● **Your task**: Would you please set down the data again exactly as given, excluding the pictures?
═══ The data
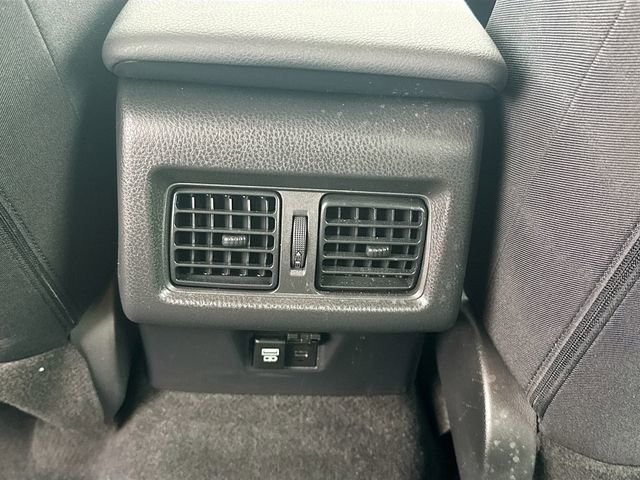 Used 2025 Toyota Camry LE image 23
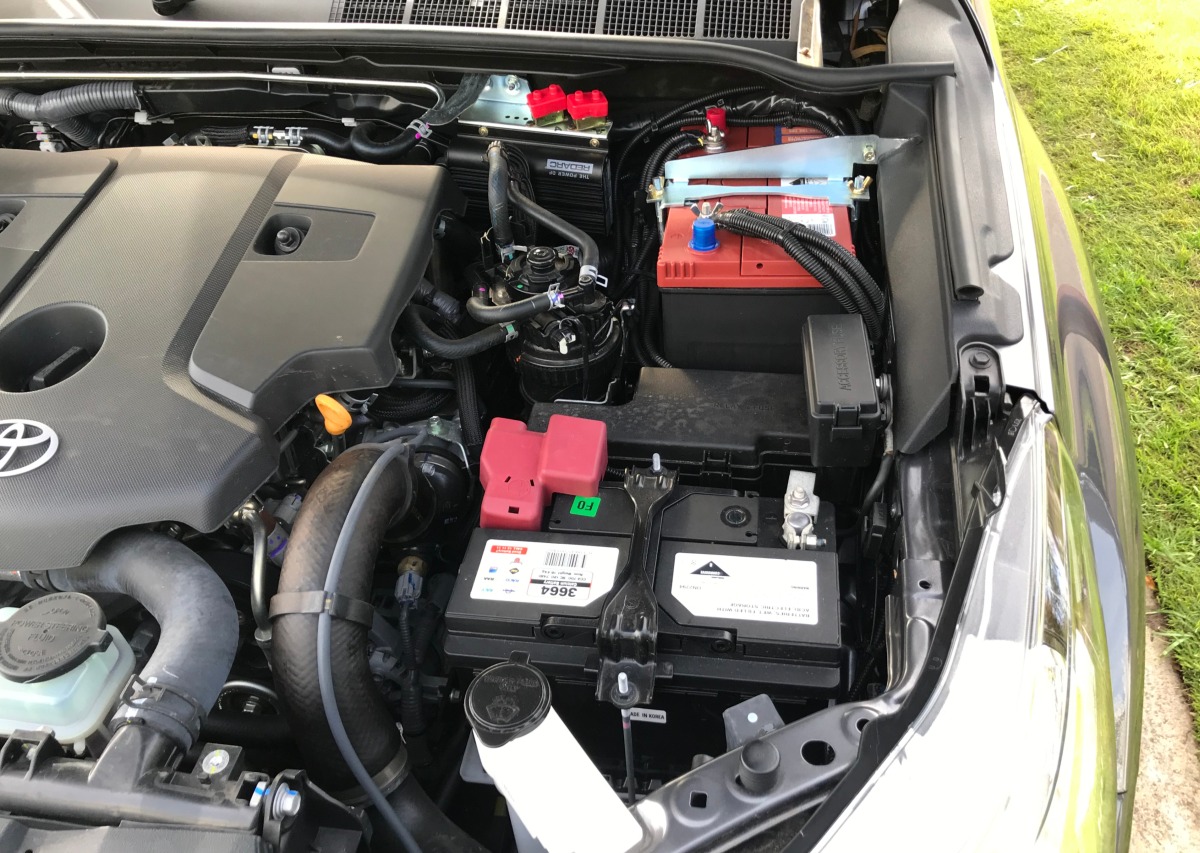 HiLux 2019 REDARC BCDC1220 Dual Battery System Creative Installations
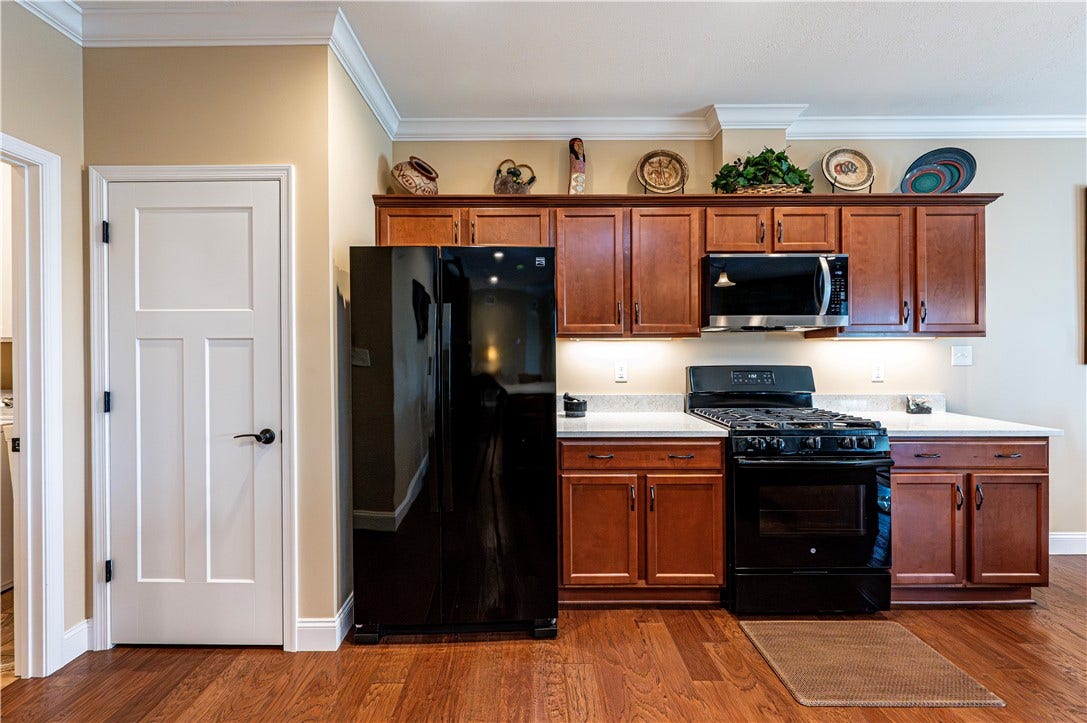 1317 Lynchfield Ln, Greensburg, PA 15601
══════
● **Exercise answer**:
 Used 2025 Toyota Camry LE image 23
 HiLux 2019 REDARC BCDC1220 Dual Battery System Creative Installations
 1317 Lynchfield Ln, Greensburg, PA 15601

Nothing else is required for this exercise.